#### EXERCISE INPUT

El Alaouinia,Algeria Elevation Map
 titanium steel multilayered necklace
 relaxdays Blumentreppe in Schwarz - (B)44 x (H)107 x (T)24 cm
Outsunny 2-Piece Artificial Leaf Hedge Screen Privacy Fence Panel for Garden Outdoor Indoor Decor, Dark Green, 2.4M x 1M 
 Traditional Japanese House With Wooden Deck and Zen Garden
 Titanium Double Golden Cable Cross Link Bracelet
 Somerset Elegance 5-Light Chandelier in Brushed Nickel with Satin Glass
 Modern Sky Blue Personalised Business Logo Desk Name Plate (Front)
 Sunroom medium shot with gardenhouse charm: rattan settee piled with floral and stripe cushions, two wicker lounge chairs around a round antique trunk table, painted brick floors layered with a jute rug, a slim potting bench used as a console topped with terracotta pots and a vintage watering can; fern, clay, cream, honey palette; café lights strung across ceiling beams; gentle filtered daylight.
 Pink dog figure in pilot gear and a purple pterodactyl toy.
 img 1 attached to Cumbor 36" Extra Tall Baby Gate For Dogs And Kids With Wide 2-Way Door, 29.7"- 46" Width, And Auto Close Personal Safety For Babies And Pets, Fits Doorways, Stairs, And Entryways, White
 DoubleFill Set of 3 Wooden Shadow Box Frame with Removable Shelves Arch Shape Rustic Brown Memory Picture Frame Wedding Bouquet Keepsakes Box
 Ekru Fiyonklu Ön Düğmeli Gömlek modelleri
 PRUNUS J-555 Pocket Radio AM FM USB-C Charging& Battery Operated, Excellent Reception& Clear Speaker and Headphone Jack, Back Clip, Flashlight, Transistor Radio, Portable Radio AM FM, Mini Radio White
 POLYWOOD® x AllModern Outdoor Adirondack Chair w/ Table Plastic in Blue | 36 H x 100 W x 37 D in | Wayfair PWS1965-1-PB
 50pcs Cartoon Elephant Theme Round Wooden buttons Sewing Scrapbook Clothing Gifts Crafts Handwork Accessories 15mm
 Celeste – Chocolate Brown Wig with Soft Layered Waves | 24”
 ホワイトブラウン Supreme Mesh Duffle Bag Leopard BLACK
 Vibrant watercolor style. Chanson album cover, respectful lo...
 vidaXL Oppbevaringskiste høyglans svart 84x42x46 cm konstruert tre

########

## TASK TO COMPLETE:
Copy each line of the records containing the string "White".

## TASK OUTPUT:
 img 1 attached to Cumbor 36" Extra Tall Baby Gate For Dogs And Kids With Wide 2-Way Door, 29.7"- 46" Width, And Auto Close Personal Safety For Babies And Pets, Fits Doorways, Stairs, And Entryways, White
 PRUNUS J-555 Pocket Radio AM FM USB-C Charging& Battery Operated, Excellent Reception& Clear Speaker and Headphone Jack, Back Clip, Flashlight, Transistor Radio, Portable Radio AM FM, Mini Radio White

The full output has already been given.